**Working data**
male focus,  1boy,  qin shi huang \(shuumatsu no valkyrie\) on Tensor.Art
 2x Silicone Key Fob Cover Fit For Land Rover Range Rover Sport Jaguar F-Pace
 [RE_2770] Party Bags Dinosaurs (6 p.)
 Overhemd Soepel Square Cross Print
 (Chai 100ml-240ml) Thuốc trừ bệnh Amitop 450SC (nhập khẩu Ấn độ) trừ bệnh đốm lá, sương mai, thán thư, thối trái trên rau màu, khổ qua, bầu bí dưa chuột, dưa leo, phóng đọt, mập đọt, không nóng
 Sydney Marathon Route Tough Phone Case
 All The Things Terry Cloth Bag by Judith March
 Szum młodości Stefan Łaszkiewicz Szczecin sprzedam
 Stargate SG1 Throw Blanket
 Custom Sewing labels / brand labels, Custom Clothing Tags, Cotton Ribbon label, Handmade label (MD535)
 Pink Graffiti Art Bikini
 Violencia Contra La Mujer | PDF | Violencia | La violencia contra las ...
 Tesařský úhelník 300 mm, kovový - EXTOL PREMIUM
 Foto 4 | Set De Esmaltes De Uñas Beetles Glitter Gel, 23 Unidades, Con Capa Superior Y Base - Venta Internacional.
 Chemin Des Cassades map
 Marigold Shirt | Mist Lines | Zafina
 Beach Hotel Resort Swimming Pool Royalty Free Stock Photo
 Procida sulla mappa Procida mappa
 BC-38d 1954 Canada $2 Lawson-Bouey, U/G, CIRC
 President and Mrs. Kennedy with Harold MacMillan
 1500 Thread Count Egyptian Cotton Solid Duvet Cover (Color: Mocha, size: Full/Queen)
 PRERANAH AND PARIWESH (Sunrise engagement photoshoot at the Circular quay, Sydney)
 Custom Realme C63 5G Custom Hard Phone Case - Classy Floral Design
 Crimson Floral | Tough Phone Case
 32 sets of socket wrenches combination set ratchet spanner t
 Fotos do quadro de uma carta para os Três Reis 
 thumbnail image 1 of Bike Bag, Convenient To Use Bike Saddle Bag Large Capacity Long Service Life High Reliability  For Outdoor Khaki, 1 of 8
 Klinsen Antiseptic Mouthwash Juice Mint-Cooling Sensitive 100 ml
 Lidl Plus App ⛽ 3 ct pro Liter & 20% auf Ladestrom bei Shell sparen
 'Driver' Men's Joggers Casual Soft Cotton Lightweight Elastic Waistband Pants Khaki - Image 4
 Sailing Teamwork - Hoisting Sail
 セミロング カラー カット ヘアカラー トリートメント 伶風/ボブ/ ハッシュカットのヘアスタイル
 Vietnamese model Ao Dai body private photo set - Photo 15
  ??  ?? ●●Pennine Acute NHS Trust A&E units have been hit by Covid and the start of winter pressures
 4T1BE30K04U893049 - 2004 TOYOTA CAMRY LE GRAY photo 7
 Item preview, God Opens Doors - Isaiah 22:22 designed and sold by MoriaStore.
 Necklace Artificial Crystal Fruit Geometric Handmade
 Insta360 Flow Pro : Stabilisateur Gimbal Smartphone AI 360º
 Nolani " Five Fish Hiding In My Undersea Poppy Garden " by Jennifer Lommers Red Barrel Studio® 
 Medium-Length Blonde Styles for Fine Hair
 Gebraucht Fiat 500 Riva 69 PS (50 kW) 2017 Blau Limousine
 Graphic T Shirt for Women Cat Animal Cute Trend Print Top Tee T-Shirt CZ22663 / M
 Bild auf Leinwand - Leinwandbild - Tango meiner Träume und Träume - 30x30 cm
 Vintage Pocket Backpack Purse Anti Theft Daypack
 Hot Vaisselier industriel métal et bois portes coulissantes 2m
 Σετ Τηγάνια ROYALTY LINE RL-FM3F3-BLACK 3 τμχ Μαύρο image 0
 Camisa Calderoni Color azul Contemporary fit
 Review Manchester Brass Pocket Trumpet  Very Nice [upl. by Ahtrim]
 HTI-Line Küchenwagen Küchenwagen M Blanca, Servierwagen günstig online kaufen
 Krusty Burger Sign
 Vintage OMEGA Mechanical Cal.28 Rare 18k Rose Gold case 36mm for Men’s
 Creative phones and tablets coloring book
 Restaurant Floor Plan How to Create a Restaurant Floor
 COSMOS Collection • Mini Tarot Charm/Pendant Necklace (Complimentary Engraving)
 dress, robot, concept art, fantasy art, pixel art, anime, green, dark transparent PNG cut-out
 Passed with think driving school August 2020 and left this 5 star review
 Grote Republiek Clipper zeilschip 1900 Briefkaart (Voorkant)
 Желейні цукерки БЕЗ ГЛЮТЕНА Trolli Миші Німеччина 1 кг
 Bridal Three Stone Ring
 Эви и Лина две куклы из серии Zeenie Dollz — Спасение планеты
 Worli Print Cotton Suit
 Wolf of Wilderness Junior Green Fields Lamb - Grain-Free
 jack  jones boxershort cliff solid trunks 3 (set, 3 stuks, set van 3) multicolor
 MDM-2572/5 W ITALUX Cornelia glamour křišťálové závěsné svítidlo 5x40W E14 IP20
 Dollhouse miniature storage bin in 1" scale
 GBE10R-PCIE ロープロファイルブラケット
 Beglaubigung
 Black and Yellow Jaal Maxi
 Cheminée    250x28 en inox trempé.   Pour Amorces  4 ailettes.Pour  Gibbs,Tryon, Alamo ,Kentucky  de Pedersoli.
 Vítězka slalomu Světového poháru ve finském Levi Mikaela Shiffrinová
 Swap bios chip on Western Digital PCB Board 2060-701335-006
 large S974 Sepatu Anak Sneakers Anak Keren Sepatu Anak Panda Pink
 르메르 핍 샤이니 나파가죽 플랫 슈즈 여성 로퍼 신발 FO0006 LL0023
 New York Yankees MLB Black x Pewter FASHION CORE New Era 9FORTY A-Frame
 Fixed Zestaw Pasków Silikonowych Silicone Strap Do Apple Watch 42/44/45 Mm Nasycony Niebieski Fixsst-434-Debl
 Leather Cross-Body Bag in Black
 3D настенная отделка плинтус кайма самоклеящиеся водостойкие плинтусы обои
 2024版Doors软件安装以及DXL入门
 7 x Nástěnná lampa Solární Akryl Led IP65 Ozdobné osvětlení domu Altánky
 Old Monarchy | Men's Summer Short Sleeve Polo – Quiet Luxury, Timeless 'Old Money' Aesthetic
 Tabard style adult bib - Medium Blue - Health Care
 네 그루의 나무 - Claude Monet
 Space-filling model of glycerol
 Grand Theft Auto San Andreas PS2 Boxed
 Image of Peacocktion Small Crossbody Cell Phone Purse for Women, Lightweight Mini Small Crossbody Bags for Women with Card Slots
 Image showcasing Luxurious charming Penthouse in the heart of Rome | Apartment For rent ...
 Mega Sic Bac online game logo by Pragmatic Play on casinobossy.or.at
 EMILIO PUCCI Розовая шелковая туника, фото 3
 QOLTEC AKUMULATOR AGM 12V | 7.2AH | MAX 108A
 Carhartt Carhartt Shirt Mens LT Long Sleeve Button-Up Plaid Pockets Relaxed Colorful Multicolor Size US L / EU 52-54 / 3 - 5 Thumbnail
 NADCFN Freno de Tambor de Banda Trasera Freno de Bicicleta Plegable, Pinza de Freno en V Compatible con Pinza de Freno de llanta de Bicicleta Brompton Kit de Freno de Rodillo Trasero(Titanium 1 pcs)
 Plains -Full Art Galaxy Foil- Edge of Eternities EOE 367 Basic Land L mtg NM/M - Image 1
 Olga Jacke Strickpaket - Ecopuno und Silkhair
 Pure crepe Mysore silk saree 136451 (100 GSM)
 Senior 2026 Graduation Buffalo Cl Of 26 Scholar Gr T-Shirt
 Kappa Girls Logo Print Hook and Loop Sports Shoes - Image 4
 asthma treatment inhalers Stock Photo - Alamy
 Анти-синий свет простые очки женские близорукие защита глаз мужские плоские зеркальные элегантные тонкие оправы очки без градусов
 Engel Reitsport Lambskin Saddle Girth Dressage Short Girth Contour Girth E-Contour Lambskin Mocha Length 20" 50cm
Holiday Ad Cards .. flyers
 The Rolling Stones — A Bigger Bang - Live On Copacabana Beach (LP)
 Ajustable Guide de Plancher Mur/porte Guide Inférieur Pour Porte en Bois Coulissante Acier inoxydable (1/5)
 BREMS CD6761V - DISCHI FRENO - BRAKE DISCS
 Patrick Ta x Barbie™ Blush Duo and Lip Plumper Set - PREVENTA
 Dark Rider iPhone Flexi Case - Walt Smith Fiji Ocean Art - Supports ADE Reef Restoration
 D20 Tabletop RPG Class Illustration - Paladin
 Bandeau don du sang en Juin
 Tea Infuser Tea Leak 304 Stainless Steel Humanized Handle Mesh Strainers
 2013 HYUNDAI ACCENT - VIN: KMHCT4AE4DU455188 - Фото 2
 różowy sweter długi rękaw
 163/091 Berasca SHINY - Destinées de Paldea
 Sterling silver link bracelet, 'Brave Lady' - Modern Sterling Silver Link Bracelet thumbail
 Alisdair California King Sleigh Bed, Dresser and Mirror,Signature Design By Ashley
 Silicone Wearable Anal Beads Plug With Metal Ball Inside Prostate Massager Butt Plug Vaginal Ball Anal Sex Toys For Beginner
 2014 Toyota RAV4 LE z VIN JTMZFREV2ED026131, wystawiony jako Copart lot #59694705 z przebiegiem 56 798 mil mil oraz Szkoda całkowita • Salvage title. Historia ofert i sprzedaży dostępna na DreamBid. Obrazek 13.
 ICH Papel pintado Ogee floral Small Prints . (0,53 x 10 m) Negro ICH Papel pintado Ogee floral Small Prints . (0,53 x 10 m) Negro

**Assigned task**
Going down the listing above, begin printing at the line with "Olga Jacke Strickpaket" and finish with the line with "163/091 Berasca SHINY - Destinées de Paldea", exactly as they appear.

**Task response**
 Olga Jacke Strickpaket - Ecopuno und Silkhair
 Pure crepe Mysore silk saree 136451 (100 GSM)
 Senior 2026 Graduation Buffalo Cl Of 26 Scholar Gr T-Shirt
 Kappa Girls Logo Print Hook and Loop Sports Shoes - Image 4
 asthma treatment inhalers Stock Photo - Alamy
 Анти-синий свет простые очки женские близорукие защита глаз мужские плоские зеркальные элегантные тонкие оправы очки без градусов
 Engel Reitsport Lambskin Saddle Girth Dressage Short Girth Contour Girth E-Contour Lambskin Mocha Length 20" 50cm
Holiday Ad Cards .. flyers
 The Rolling Stones — A Bigger Bang - Live On Copacabana Beach (LP)
 Ajustable Guide de Plancher Mur/porte Guide Inférieur Pour Porte en Bois Coulissante Acier inoxydable (1/5)
 BREMS CD6761V - DISCHI FRENO - BRAKE DISCS
 Patrick Ta x Barbie™ Blush Duo and Lip Plumper Set - PREVENTA
 Dark Rider iPhone Flexi Case - Walt Smith Fiji Ocean Art - Supports ADE Reef Restoration
 D20 Tabletop RPG Class Illustration - Paladin
 Bandeau don du sang en Juin
 Tea Infuser Tea Leak 304 Stainless Steel Humanized Handle Mesh Strainers
 2013 HYUNDAI ACCENT - VIN: KMHCT4AE4DU455188 - Фото 2
 różowy sweter długi rękaw
 163/091 Berasca SHINY - Destinées de Paldea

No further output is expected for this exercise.